I have been using this Tamron SP 180mm 1:1 Macro - F/32 lens to digitize 35mm slides. Unfortunately, the lens' chromatic aberration is quite noticeable, when used at 1:1.
I have plenty of strobe light available and have been shooting at F/16, 2 stops from a completely closed (F/32) aperture, to obtain a the best combination of sharpness and depth of field.
I was thinking that I might be able to reduce some of that aberration optically -- by blocking off the portion of the light that is entering the lens' section that is most likely to produce the chromatic aberration.
This image illustrates what I am tempting to put in front of the lens. (And maybe without the center part, based on the comments...)
Now having this in front of the lens I'm guessing I'll probably have to open up to F/8, or even more to obtain an image without a visual effect of the new lens-cap/obstruction.
Note, I also have a 12mm; a 20mm; and a 36mm extension tubes (from Kenko) available -- to see if that, in combination, would help fight the chromatic aberration problem.
I know there are other maybe more appropriate lenses on the market; but I very much depend on the auto-focus aspect of the setup.
One other thing to consider is to use two lenses, both set to infinite; but this causes a working distance problem.
Any suggestions and other thought are very much appreciated.
placed "a" in the center:
The "a", if positioned in the center of the image, reveals less chromatic aberration.

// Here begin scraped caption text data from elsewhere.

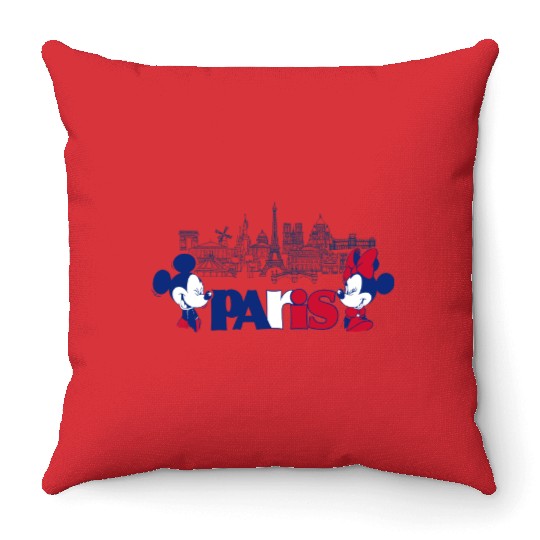 Retro Disneyland Paris Throw Pillows, Disney Throw Pillows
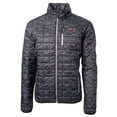thumbnail image 2 of Men's Cutter & Buck Black Lansing Lugnuts Rainier PrimaLoft Eco Insulated Full-Zip Printed Puffer Jacket, 2 of 3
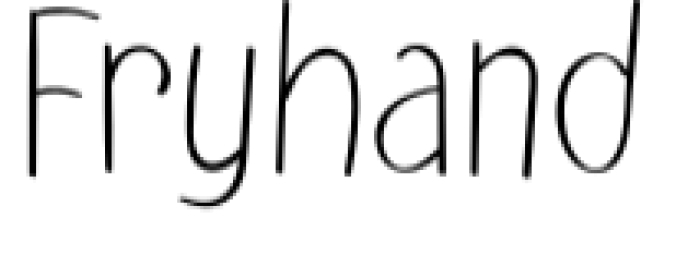 Fryhand Font Preview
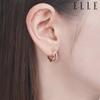 14K Cross Cubic Ring Earrings (Gold Plated) Elgpee515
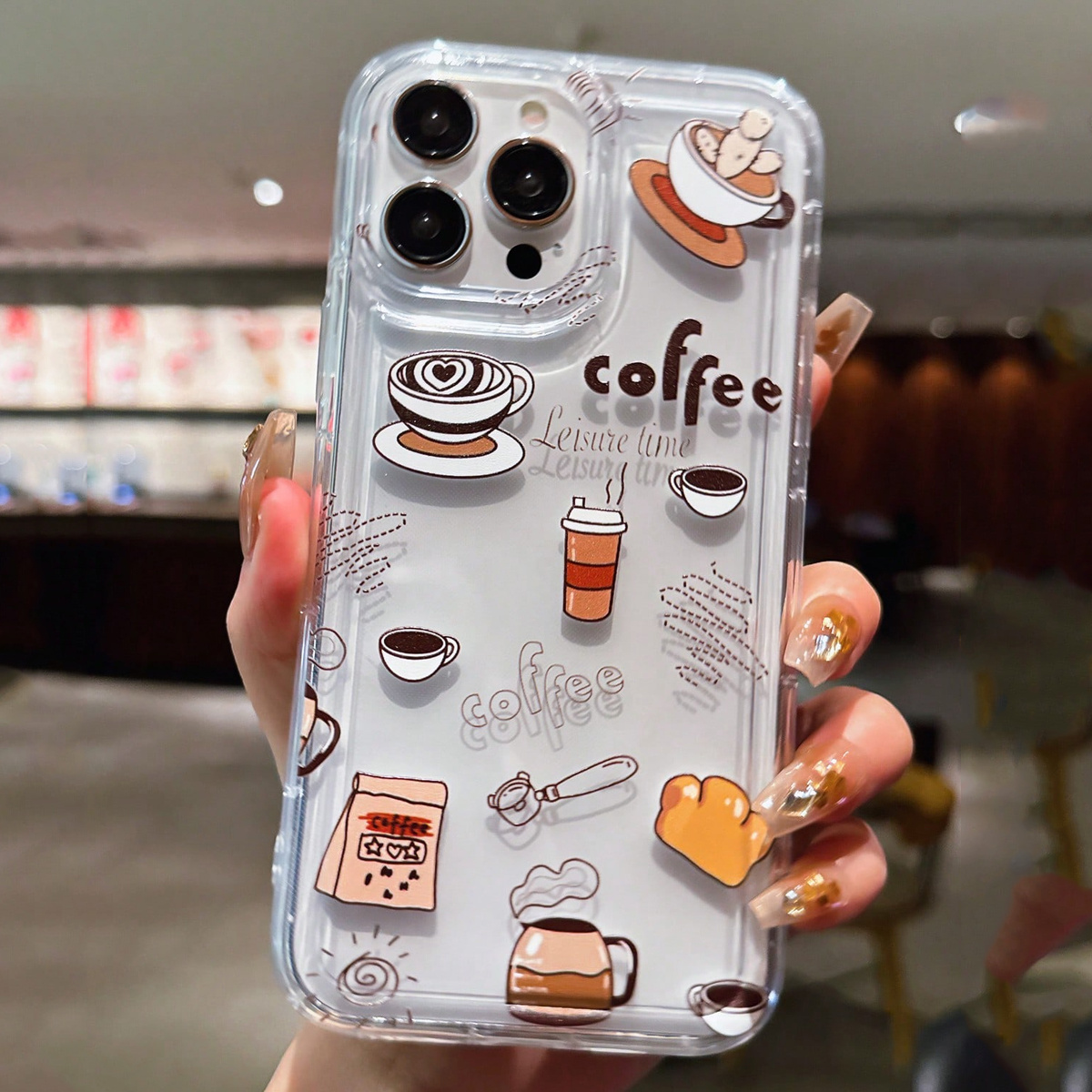 Coffee Tea Etc - Прозрачный противоударный чехол для телефона из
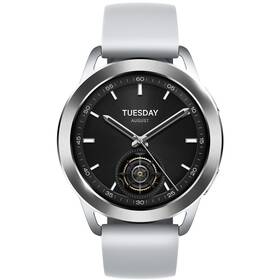 Chytré hodinky Xiaomi Watch S3 (51589) stříbrné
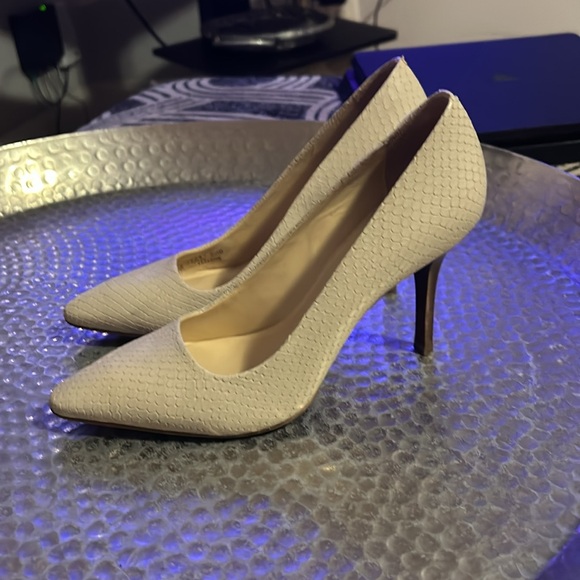 Cole Haan white snakeskin pumps - Picture 2 of 5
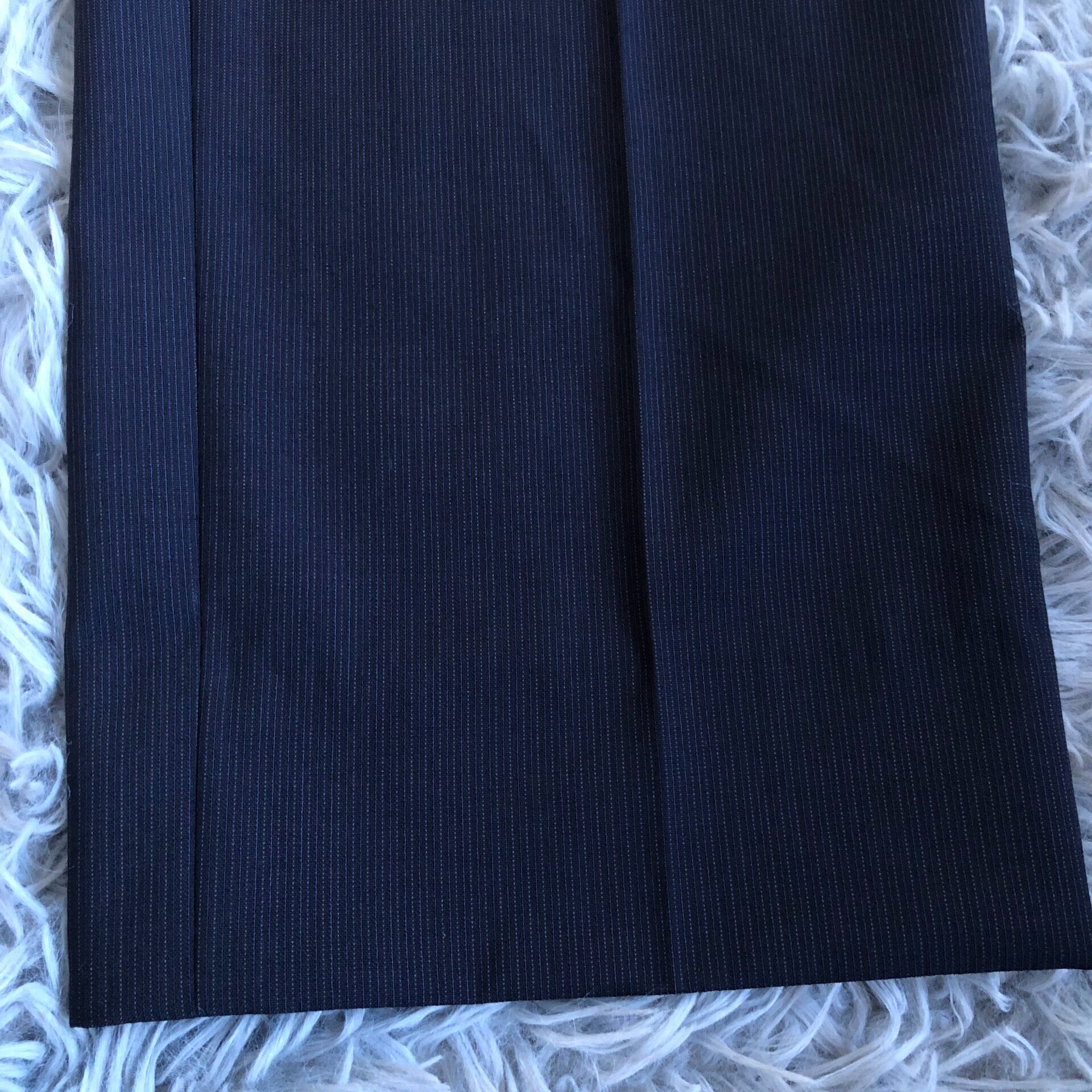 Dior Homme Striped Wool Trousers — front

I printed the pattern out using a laser printer and glued the printout onto some clear plastic that has the size and shape of a slide. For the light source: I used the same as for the slides -- backlit soft strobe light. It looks based on the f/3.5 shot, that the camera sensor is not completely parallel to the paper.
Blocking off light test
Reducing from 60mm diameter to 40mm diameter. It looks like it is a bit sharper, but do not see an improvement in the CA department.